# Yesterday's and Today's Training Sessions



## Goldendogx2 (Sep 2, 2007)

Good news...it is always a joy when you "break through" an issue in training!

Congrats!


----------



## bizzy (Mar 30, 2007)

keep up the good work


----------



## TheHooch (May 9, 2007)

Sounds like a couple of great days. Good luck as you move forward!!!!


----------



## laffi (Jan 26, 2008)

CreekviewGoldens said:


> Yesterday- We went to Camp Bandy, which is a training place, they hold trials, classes,etc. They have a thing where you can come for an hour and you can use the building, you can practice anything you want whether it would be obedience, and agility. We warmed Maddie up and she's a little jumping machine...jeeze...I haven't practiced agility so long she still has it in her. She used to refuse the dog walk...practiced that and she didn't even remember she had an incident on it. Practiced the A-Frame and we realized with the slippery ones, you have to start farther back, and we need to keep cutting the weight down...otherwise she'll have an even harder time on it. We also did some sequencing and she did just fine, our mentor Linda believes in a solid obedience format before trialing in agility. We also worked with our new micro-prong...I figured out today I was using the wrong hitch on it.:doh: Oops...we worked on attention and it was kind of a disaster...but today was much better.
> 
> Today- Went out this morning around 10 o'clock and did lots of motivation training...motivation collar pops, back ups...anything to be highly motivating. Put the micro on and did our attention heeling and popped it lightly when she wasn't paying attention...IT ACTUALLY WORKS!!! Well...this time I hooked her up to the right one and it worked much better...I'm still so happy for my lil' Madders, as I'm typing this! More working on attention...we can be soon hitting the obedience ring...well not until after February or so.
> 
> I'm so proud of her!


Sorry, but what is a micro prong?


----------



## BeauShel (May 20, 2007)

Congratulations and great job on all of your hard work. It is so nice when they start to get it. Way to go Maddie


----------



## MaddieMagoo (Aug 14, 2007)

A micro prong is a small prong. It's actually used for little dogs, but I don't like the BIG massive ones, and neither does Linda.


----------



## laffi (Jan 26, 2008)

CreekviewGoldens said:


> A micro prong is a small prong. It's actually used for little dogs, but I don't like the BIG massive ones, and neither does Linda.
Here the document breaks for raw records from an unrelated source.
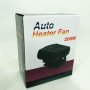 Тепловентилятор автомобільний Car Fan CF-701, дуйка для авто, Універсальний обігрівач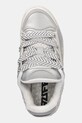 Buffalo sneakersy Liberty Skate srebrny 1636458.SLV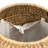Colt 17" Coastal Bohemian Hand-Woven Hyacinth Storage Stool with Lid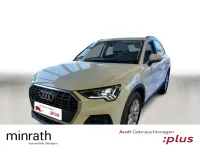 Gebraucht Audi Q3 Ambiente 245 PS (180 kW) 2022 Weiß SUV
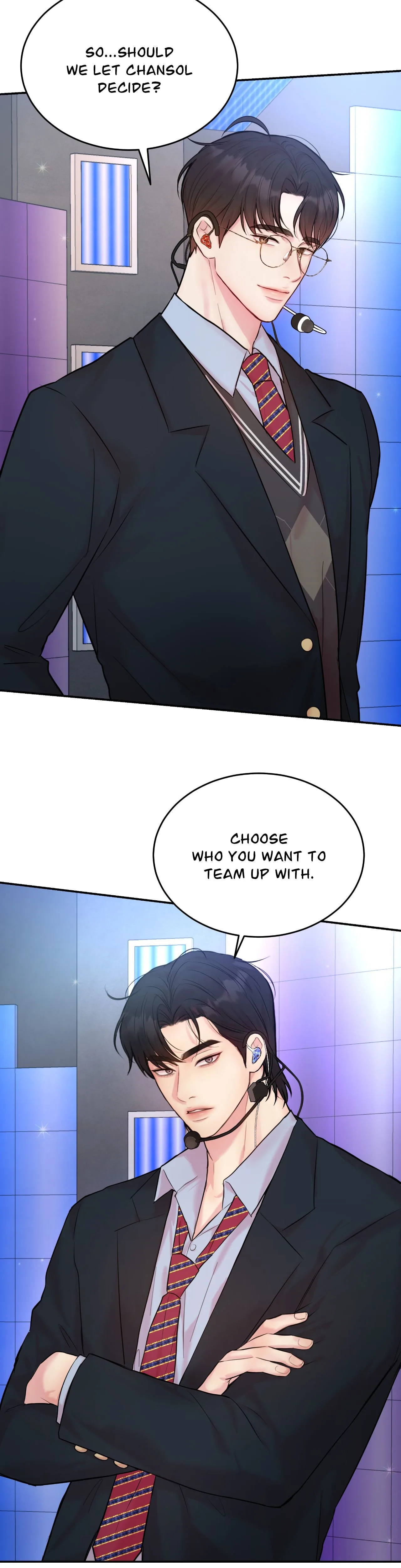 Dr. wa Sotto Dakishimeru Chapter 11 page 30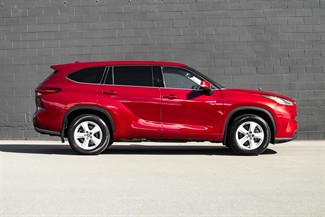 2021 Toyota Highlander - Thumbnail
Do you have a link to show how it looks like? I would really appreciate it!


----------



## MaddieMagoo (Aug 14, 2007)

Sure here you go:

http://www.jjdog.com/Merchant2/merchant.mvc?Screen=CTGY&Category_Code=2CATMiniPinchCollars

It doesn't really look like one...but trust me they are TINY!! 

They are NOT meant to be used as just jerking the dog around. You need to proplerly use if from a top trainer. Even telling you about it on here won't help.


----------



## laffi (Jan 26, 2008)

CreekviewGoldens said:


> We also worked with our new micro-prong...I figured out today I was using the wrong hitch on it.:doh: Oops...we worked on attention and it was kind of a disaster...but today was much better.


What do you mean by "wrong hitch"?
Btw how big is your micro-prong?


----------



## MaddieMagoo (Aug 14, 2007)

The wrong hitch is what I call the circle of metal that is for the leash to connect to it. On a prong there is a right one and a wrong one. One that gives the pop and one that just does nothing.

I'm sorry to say that the micro isn't for you. I use it on Maddie because it gives a very very light correction. It's sort of like we are transferring from a BIG prong to a micro. I'm not trying to exclude you from it. But, I was taught by a professional in this obedience competition career. It's not something where you can buy and then just slap on the dog and away you go. This is NOT something where you just jerk the dog from here to tim buck two. It is used as a light...a very light pinch to the dog and is used for attention purposes. 

I rarely use it on a regular basis. But if I'm working on attention, then I will. But I mostly use a buckle collar and have other ways to get her attention back on the cookie. Someday, I'll get a video of how Maddie and I work...on attention. Maybe during spring break...when and if the snow is gone.

I'd be more than happy to get a picture of it. Not right now but later tonight or so. I'd also go out and find a club or a person who competes EVERY weekend and wins. And ask what they think of it, or join the club like I said and ask around to the club members. Like I said, this is NOT something to just go out and buy and slap on the dog and jerk them around.


----------